>> Christophe Lemaire, who shows his first Hermes collection in March, says that instead of channeling former Hermes designer Jean Paul Gaultier's runway extravaganzas, he expects to display his collections in a more intimate setting.
The decision reflects his vision for the brand as a whole, he tells WWD: “I think that it’s time to go back to a more honest vision of fashion, and that there is room for a simpler, more pared-down wardrobe that is better suited to everyday life. I have always campaigned to bring quality and, if possible, poetry to everyday life. You don’t change your wardrobe every six months. You build it up over time.”
He added that he is imaging his Hermes to be more in line with Martin Margiela's — who designed for Hermes between 1998 and 2003 — rather than Gaultier's: “I think I will be walking in the footsteps of Margiela more than Gaultier, even if I have a lot of respect for Jean Paul Gaultier and his virtuosity."

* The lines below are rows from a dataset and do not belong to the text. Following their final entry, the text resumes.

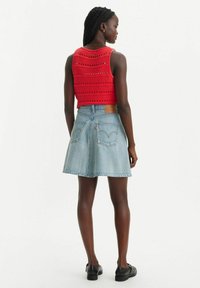 Haut court en tricot rouge avec un motif de mailles ouvertes, associé à une jupe en denim bleu clair en forme de A, dotée de poches arrière et d'une étiquette en cuir.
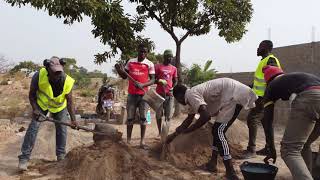 Rammed Earth Building In Ghana  From Mixing To Ramming [upl. by Aicener]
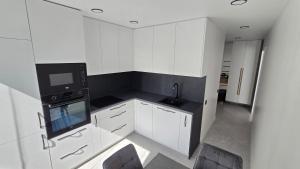 a kitchen with white cabinets and a black microwave at Cozy apartment in Šiauliai
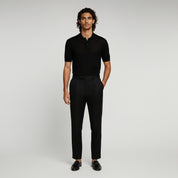 man wearing black polo shirt and black trousers on a plain background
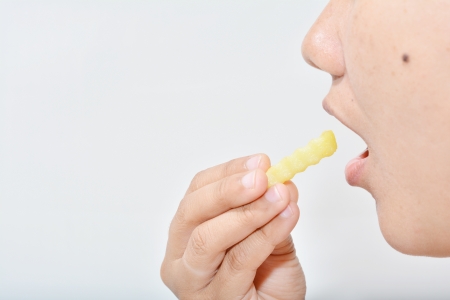 Eating deep-friesの写真素材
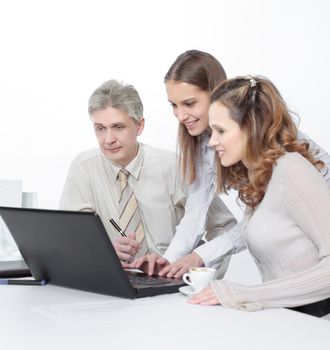 senior Manager and employees looking at laptop screen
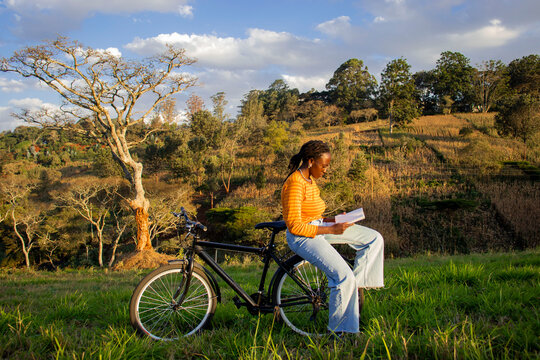 Young Black woman reading a book on a bicycle in a field
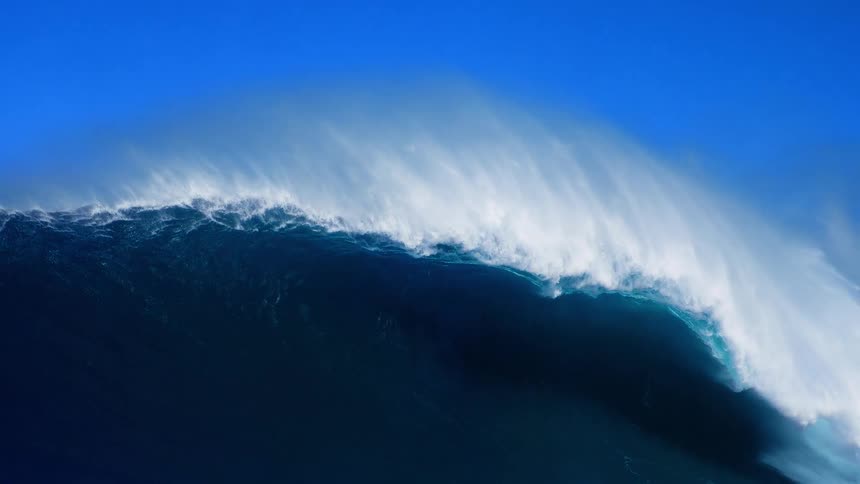 A massive blue ocean wave curls with white foam under a clear sky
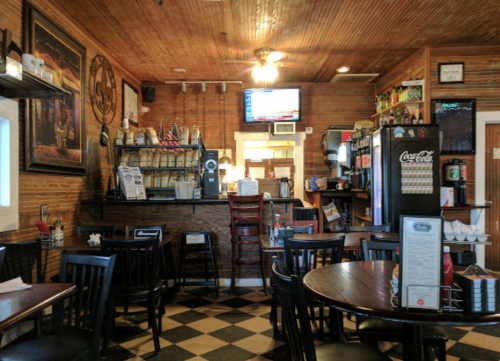 Cozy restaurant interior with wooden decor, a bar area, and checkered floor, featuring tables and a TV in the background.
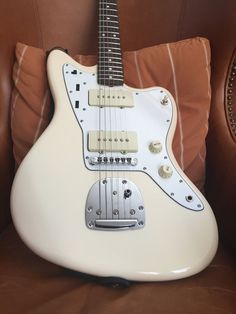 a white electric guitar sitting on top of a brown leather couch next to a pillow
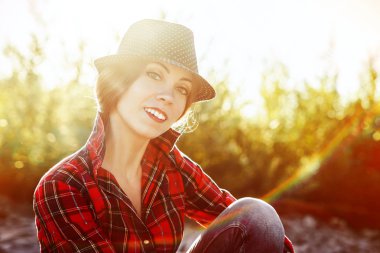 Gün batımında şapkalı ve gömlekli kız.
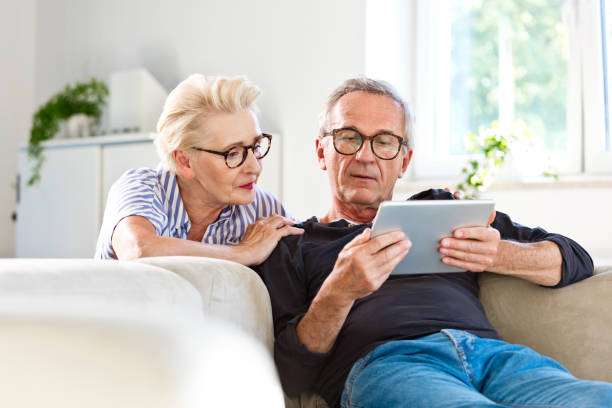 coppia senior che guarda il tablet digitale insieme a casa - discussion couple senior adult inside of foto e immagini stock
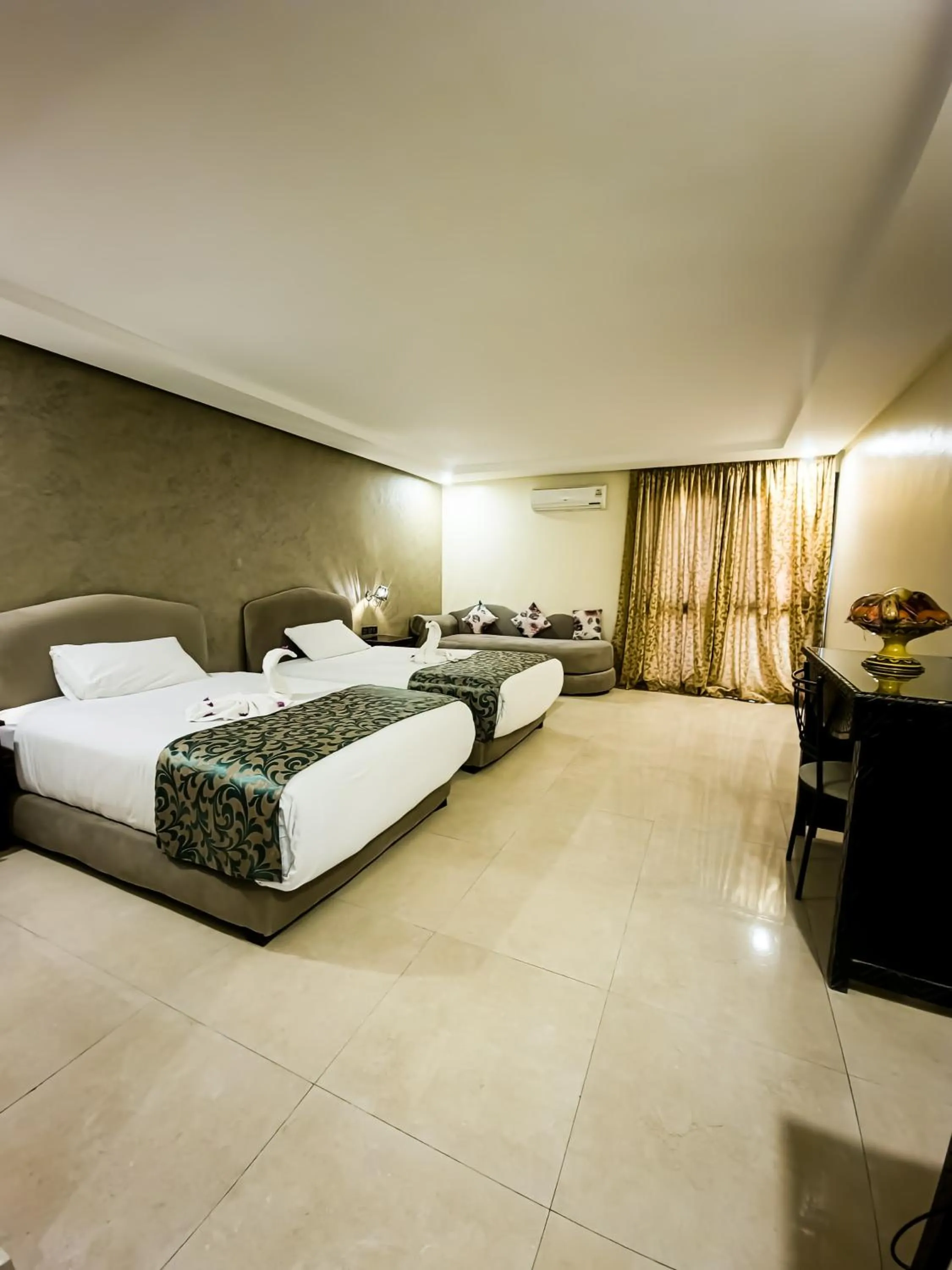 Bed in Palm's Hotel Club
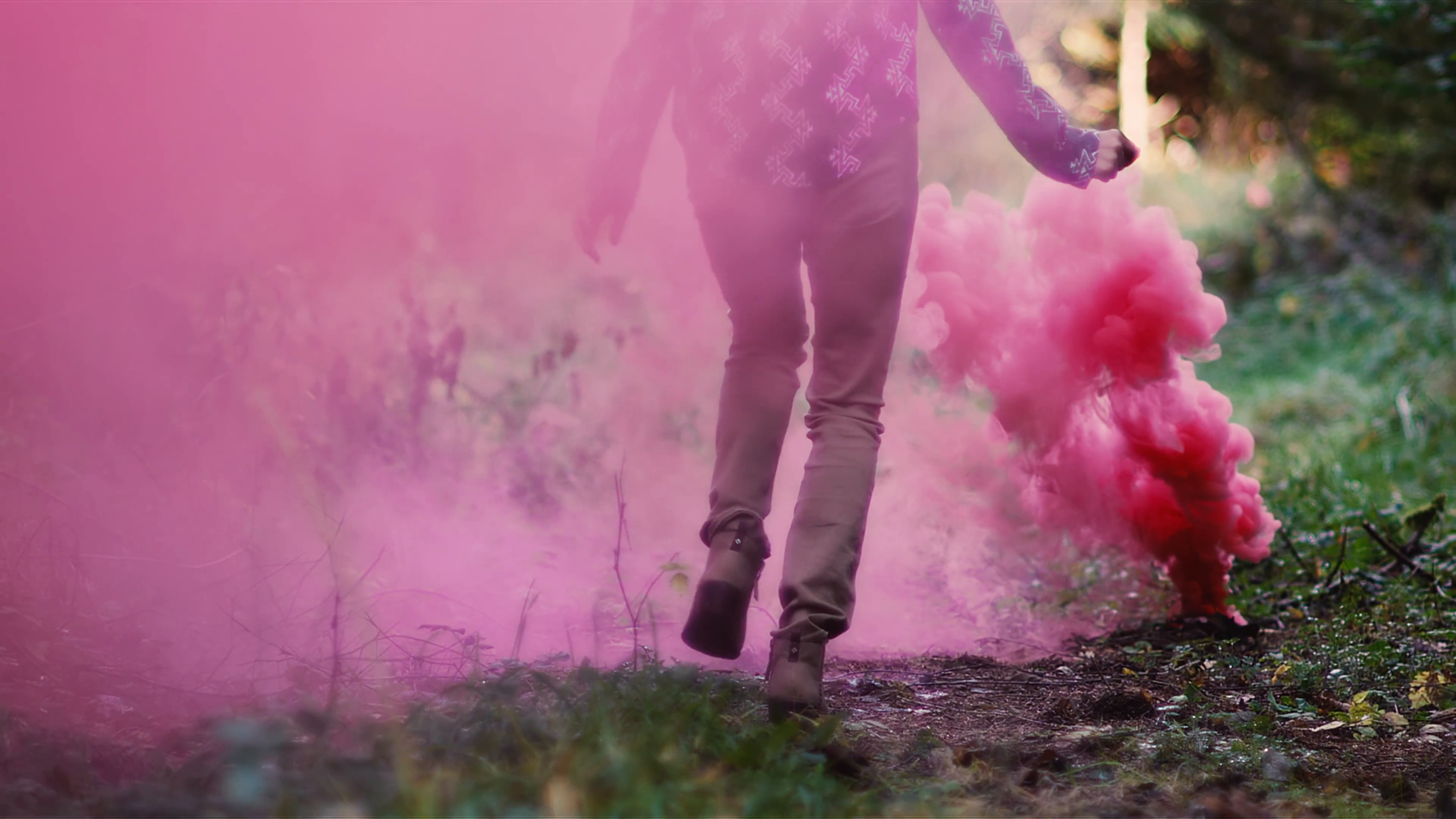Beautiful girl in a forest runs through pink smoke from a color ...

Lemaire, who left his position as Lacoste creative director to join Hermes, alluded to tensions with his previous management: “It’s as if the moment had finally arrived for me to show what I’m capable of. For various reasons, I have always lacked either the maturity or the means to develop my own brand, and at Lacoste, I was working under constraints that meant that, even though I think I did a good job, I was never able to unleash my full potential. So I hope to be able to do that at Hermès.” He continued: “I think I succeeded in projecting a certain vision of the brand [at Lacoste]. The problem with a brand is that if the designer has a vision and the management does not have the same vision, or does not understand that vision, then there is obviously a disconnect. So I think that is being addressed, but it was definitely an issue for me.”